• _What you will do_:
From the material below, copy out each line with the word "Drive" in it.

-- Data shown follows --

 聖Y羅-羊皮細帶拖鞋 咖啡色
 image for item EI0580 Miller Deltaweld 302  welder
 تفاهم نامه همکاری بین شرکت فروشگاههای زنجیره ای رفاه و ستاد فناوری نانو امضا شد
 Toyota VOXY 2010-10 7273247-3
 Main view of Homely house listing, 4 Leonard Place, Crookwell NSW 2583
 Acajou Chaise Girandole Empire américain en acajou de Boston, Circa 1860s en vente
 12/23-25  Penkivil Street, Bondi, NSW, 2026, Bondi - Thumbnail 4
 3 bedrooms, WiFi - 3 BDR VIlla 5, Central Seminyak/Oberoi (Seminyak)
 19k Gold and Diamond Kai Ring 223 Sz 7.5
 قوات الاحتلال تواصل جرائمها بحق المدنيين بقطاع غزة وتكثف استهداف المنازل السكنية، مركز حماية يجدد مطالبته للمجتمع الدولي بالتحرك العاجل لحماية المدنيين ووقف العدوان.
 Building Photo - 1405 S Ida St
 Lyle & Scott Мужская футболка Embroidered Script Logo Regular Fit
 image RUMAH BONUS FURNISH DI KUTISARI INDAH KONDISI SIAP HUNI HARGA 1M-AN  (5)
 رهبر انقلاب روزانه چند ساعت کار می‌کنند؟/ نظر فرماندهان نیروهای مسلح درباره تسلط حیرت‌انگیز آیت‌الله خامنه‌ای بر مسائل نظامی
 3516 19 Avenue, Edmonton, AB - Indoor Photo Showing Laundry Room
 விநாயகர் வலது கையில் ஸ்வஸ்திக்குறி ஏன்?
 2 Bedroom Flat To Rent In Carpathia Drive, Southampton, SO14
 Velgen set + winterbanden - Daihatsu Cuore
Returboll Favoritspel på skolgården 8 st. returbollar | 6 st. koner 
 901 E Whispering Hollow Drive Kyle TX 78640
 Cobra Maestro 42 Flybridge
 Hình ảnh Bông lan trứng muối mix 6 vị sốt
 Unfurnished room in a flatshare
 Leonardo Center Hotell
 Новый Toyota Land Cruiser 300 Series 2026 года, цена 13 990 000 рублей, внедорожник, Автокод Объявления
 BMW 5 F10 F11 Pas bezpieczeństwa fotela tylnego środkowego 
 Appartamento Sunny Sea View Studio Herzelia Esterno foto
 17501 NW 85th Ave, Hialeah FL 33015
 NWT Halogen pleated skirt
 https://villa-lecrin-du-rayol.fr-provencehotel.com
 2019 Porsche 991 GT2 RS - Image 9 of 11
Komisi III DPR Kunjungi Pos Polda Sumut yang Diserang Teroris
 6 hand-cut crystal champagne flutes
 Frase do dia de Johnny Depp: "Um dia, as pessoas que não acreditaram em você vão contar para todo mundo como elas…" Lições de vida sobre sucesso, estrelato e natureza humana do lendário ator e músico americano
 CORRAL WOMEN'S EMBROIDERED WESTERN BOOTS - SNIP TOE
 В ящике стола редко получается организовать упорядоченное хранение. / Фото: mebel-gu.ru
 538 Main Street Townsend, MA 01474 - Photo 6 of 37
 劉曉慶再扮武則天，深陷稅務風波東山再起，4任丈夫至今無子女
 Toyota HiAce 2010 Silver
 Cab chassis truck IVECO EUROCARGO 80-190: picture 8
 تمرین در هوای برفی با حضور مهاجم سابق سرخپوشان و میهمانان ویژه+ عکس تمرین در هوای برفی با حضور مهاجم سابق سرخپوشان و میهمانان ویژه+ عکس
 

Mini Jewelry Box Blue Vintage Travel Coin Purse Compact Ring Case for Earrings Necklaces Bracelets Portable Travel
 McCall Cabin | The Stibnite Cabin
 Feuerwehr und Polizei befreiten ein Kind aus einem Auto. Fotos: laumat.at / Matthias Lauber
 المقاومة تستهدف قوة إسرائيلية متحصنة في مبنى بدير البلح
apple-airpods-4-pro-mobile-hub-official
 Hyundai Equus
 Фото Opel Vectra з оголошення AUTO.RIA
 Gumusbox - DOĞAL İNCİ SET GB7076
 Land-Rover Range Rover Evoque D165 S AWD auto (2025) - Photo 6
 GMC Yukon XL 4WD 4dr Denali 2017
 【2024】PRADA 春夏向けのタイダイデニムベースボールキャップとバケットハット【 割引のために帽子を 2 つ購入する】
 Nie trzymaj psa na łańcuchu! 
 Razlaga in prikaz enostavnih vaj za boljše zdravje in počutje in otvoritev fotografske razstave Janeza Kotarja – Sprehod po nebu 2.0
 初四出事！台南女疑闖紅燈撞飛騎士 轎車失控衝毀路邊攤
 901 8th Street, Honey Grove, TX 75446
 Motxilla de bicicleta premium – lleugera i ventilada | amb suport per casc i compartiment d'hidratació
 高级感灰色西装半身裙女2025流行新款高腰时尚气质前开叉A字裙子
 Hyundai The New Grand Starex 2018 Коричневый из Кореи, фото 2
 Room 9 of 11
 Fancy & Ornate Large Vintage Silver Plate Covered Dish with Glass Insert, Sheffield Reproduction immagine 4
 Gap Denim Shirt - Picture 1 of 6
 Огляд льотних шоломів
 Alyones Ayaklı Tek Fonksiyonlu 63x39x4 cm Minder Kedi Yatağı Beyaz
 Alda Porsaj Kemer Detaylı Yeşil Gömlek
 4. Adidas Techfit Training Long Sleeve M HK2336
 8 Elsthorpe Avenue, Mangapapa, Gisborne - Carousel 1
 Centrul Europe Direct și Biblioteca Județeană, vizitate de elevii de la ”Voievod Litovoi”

-- Data shown concluded --

• _Task answer_:
 2 Bedroom Flat To Rent In Carpathia Drive, Southampton, SO14
 901 E Whispering Hollow Drive Kyle TX 78640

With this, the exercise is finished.